I did poke around a bit in the git web interface before, but didn't see
anything that jumped out at me.

Thanks,
Doug


2019-04-23 14:38:55

by J. Bruce Fields

[permalink] [raw]
Subject: Re: nfsd bug after f875a792abe9 (nfsd: allow nfsv3 readdir request to be larger.)

On Tue, Apr 23, 2019 at 10:21:53AM +1000, NeilBrown wrote:
> On Sat, Apr 20 2019, Doug Nazar wrote:
>
> > After recently upgrading the kernel on one of my servers I was getting
> > the below crashes.
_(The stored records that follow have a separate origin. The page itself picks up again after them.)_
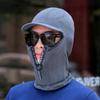 Solid Color Knitted Hooded Hat for Unisex Neck Guard Zipper Scarf Beanie Warm Autumn Winter Headwear Face Cover Thermal Cap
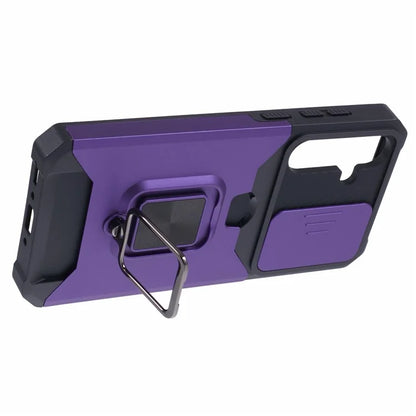 For Samsung Galaxy A35 5G Phone Kickstand Case Slide Lens Lid PC+TPU Cover with Card Holder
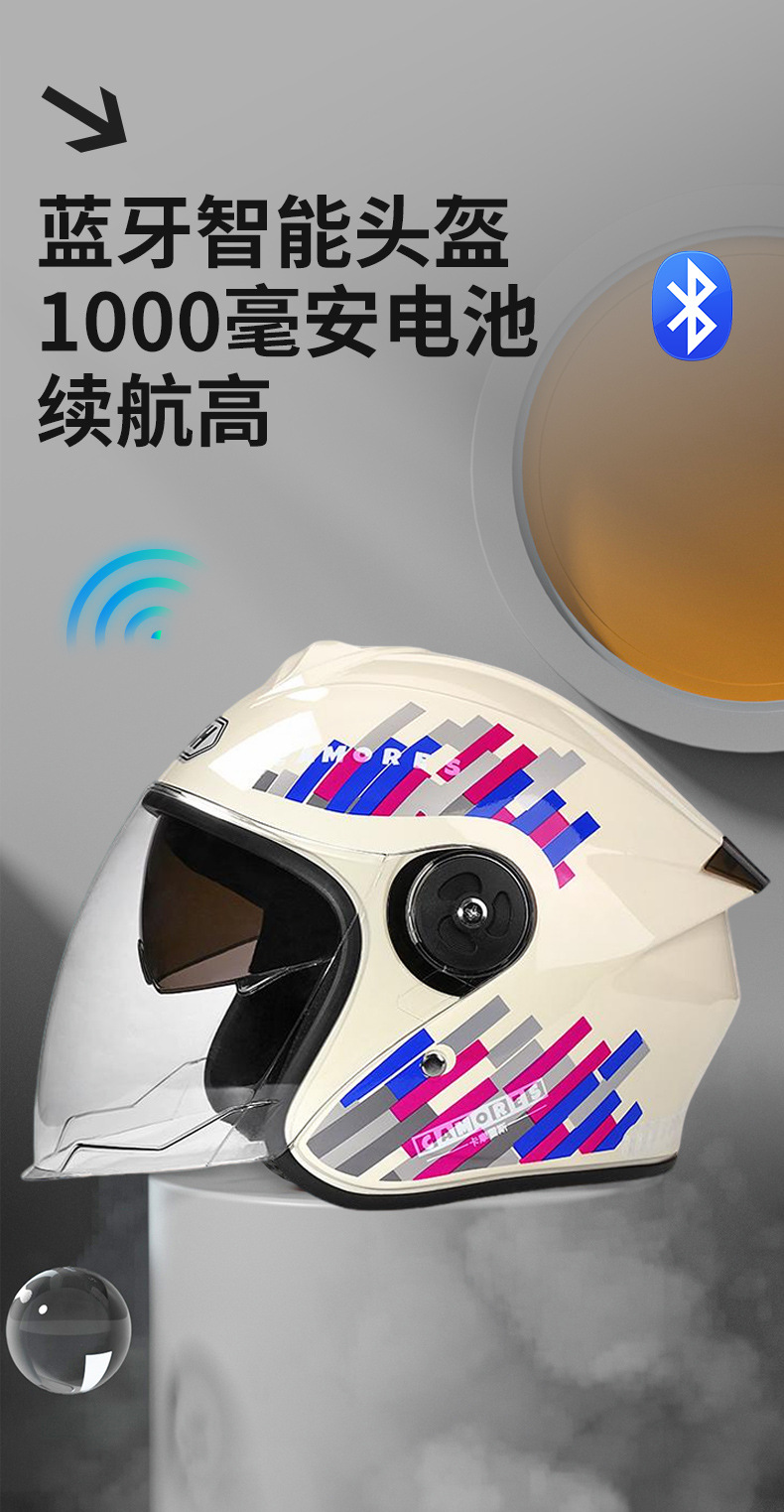 3C Certified Electric Vehicle Smart Bluetooth Helmet, Smart Half Helmet for Delivery, Autumn and Winter Warm Windproof Double Mirror Sun Protection, Class a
Tracked it down to an NFSv3 root client, bisection
> > points to f875a792abe9. A revert of that on top of
> > 5.1.0-rc5-00289-gee2725f711fa works fine.
>
> hi Doug,
> thanks for the report and for bisecting!
>
> I think this bug has been fixed, but the fix hasn't landed upstream yet.
> If you
> git pull git://git.linux-nfs.org/~bfields/linux.git nfs-next
>
> you should get
>
> Commit 3c86794ac0e6 ("nfsd/nfsd3_proc_readdir: fix buffer count and page pointers")
>
> which should fix this.
>
>
> Bruce: I don't see that patch in your "for-5.1" branch, but you said
> "Queuing up for 5.1."
> Did something go awry?

Sorry, I've got this confusing system where I commit first to a branch
named for-x.y-incoming, then push it to for-x.y after I've tested it.
Except sometimes I forget to push to the for-x.y branch until the last
minute.

The -incoming branches should always be included in nfsd-next.

Anyway, I'll send a pull request now, it's overdue....

--b.